Jethro's Braindump


Co-learning is the technique of aiding of modeling of a (resource-poor) modality by exploiting knowledge from another (resource-rich) modality. The helper modality is only used in model training, and is not used during test-time. (Baltruv saitis, Ahuja, and Morency 2017)

Parallel-data approaches require the data to be directly linked to observations in other modalites. Non-parallel approaches do not require these direct links between modalities. Hybrid-data approaches bridge the modalities through a shared modality, or a dataset.

Parallel data

Co-training is the process of creating more labeled training samples when we have few labeled samples in a multi-modal problem. Weak classifiers are built for each modality to bootstrap each other with labels for the unlabeled data.

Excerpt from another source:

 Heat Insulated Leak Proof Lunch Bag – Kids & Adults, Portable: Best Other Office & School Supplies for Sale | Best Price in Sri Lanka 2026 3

Transfer learning exploits co-learning with parallel data, by building multi-modal representations with only some modalities used during test time. Approaches like these include multimodal Deep Boltzmann Machines and Multi-modal Autoencoders.

Non-parallel data

Non-parallel methods only require that different modalities share similar categories or concepts. Methods include transfer learning using coordinated multimodal representations, or Concept Grounding via word similarity, or zero-shot learning.


Baltruv saitis, Tadas, Chaitanya Ahuja, and Louis-Philippe Morency. 2017. “Multimodal Machine Learning: A Survey and Taxonomy.” CoRR.